Paul Krugman Image via Wikipedia
In January 2008 I wrote a post on the decline of public intellectualism. The recent debt ceiling debate and the early start to 2012 U.S. presidential elections brings this theme to mind again. Many of the Republicans opt for reactionary commentary and President Obama is yet to frame a cogent argument on the economy. Many conservatives may dislike Paul Krugman, the economics Nobel Laureate, but his posts in the New York Times come as close as anybody to even handedly framing the issues. The absence of even handed, thoughtful commentary on economic, social and political issues is the reason that I find public intellectualism in decline and the U.S. outlook of such concern.
Jeffrey Kurtz, writing in the journal Logos about George Scialabba, helps us to better understand public intellectualism.
"Scialabba belongs to a tradition of generalist essay-writers and “citizen-critics” (his term) of the democratic left whose forebears include Randolph Bourne, Albert Camus, Nicola Chiaromonte, Irving Howe, Dwight Macdonald, George Orwell, and Ignazio Silone—"
Scialabba writing about these great writers of the past provides further insight.
They “wrote in the vernacular, with vigor and clarity, for the general, educated reader.
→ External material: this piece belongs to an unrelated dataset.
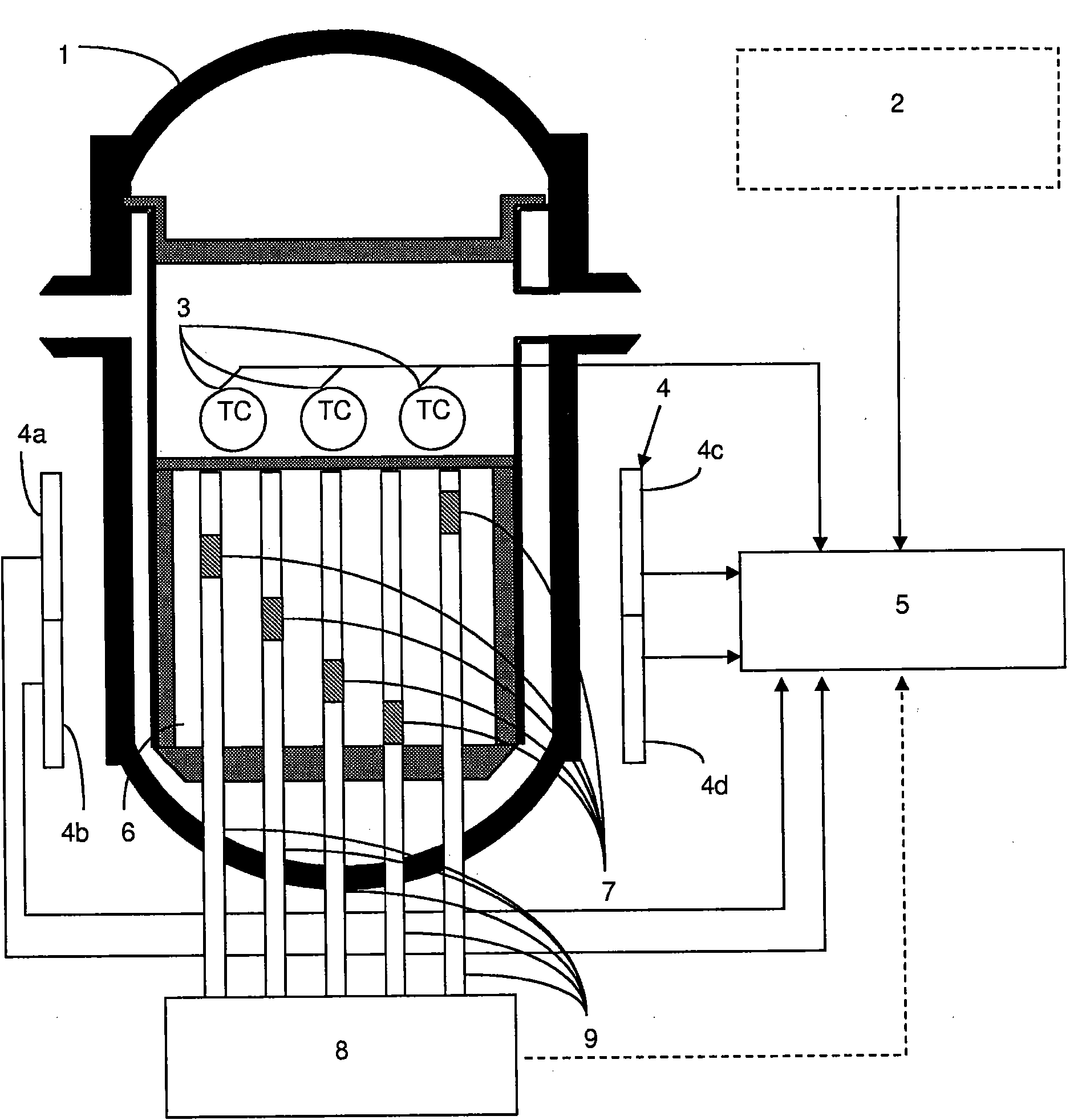 Method for determining the volumetric power distribution of the core of a nuclear reactor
Their topics were large, their interests wide; however small their actual, engaged audience, their writings opened out, and so helped sustain at least the idea and the hope of a public culture.”
And finally, Kurtz explains what is so often missing in today's commentary.
"To perceive as readily and pursue as energetically the difficulties of one’s own position as those of one’s opponents; to take pains to discover, and present fully, the genuine problems that one’s opponent is, however futilely, addressing—this is disinterestedness.."
This may be a bit of an academic way to make a point, but the U.S. needs, in part, a return to well thought out, balanced discussion of the issues facing the country. If you call that liberal, so be it.